Des députés tombent déjà à bras raccourcis sur leurs collègues vus comme des déserteurs. "On ne peut pas créer sa chapelle ou son courant et expliquer qu'on est derrière le président", juge Jean-Baptiste Moreau, qui les appelle à "remettre (leur) mandat" entre les mains de leurs électeurs.

D'autres relativisent, comme l'ancien président de l'Assemblée et ex-ministre François de Rugy, issu des rangs écologistes: "s'ils apportent des idées, tant mieux" et "on continuera à travailler ensemble", a-t-il déclaré lundi à Franceinfo.

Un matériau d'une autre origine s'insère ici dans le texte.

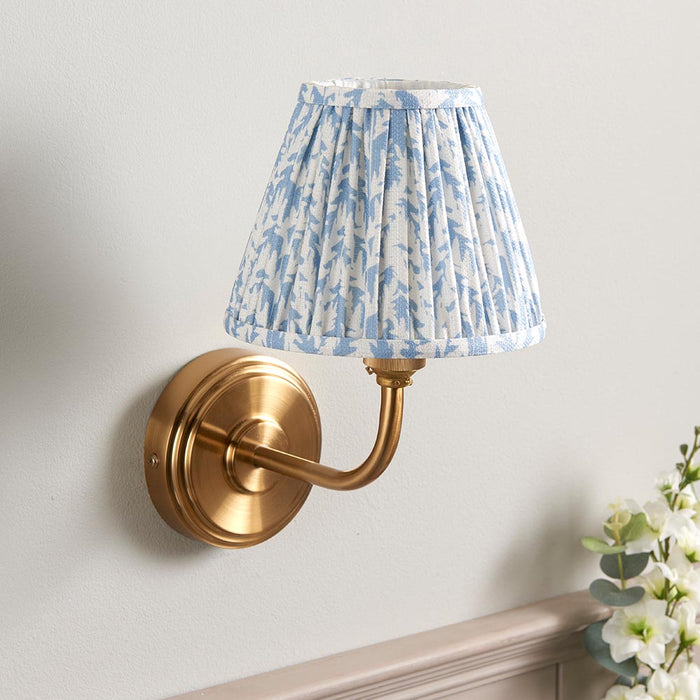 Step Arc And Leaf 16cm Shell Bay Blue Shade Wall Light In Brushed Aged Brass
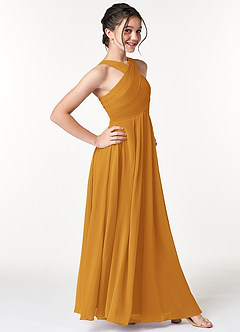 Azazie Kaleigh Junior Butterscotch A-Line Pleated Chiffon Dress image3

Et selon lui, "ce qui compte, c'est que la majorité ait une capacité à travailler à l'Assemblée nationale avec les autres groupes". Les alliés MoDem et Agir seront précieux pour assurer les votes.

La porte-parole du gouvernement Sibeth Ndiaye avait épinglé la semaine dernière dans la démarche du 9e groupe "un contresens politique".

Emmanuel Macron, qui a oscillé depuis le début du quinquennat entre cajoleries et coups de semonce à l'égard de sa majorité remuante, avait prévenu dès 2018 que "les tireurs couchés d'un jour finissent abattus avec les autres".

Quelle va être la réaction de l'exécutif en cas de concrétisation de ce 9e groupe? Le Premier ministre n'est "pas inquiet de perdre trois frondeurs", qui "de toute façon s'abstenaient ou ne participaient pas aux votes" qui les gênaient, glisse une source parlementaire.

Elle assure qu'Edouard Philippe "peut être chef de la majorité sans avoir la majorité absolue". Sous François Hollande, le groupe PS l'avait perdue dès janvier 2015...

Du côté de la direction du groupe LREM, on affirme ne pas voir de "bouleversement". Mais Gilles Le Gendre serait automatiquement fragilisé.

La période est propice aux initiatives pas forcément amicales: selon des sources parlementaires, l'ex-chiraquien Hugues Renson et l'ex-EELV Barbara Pompili oeuvrent à lancer un courant social-écolo "En Commun", en interne.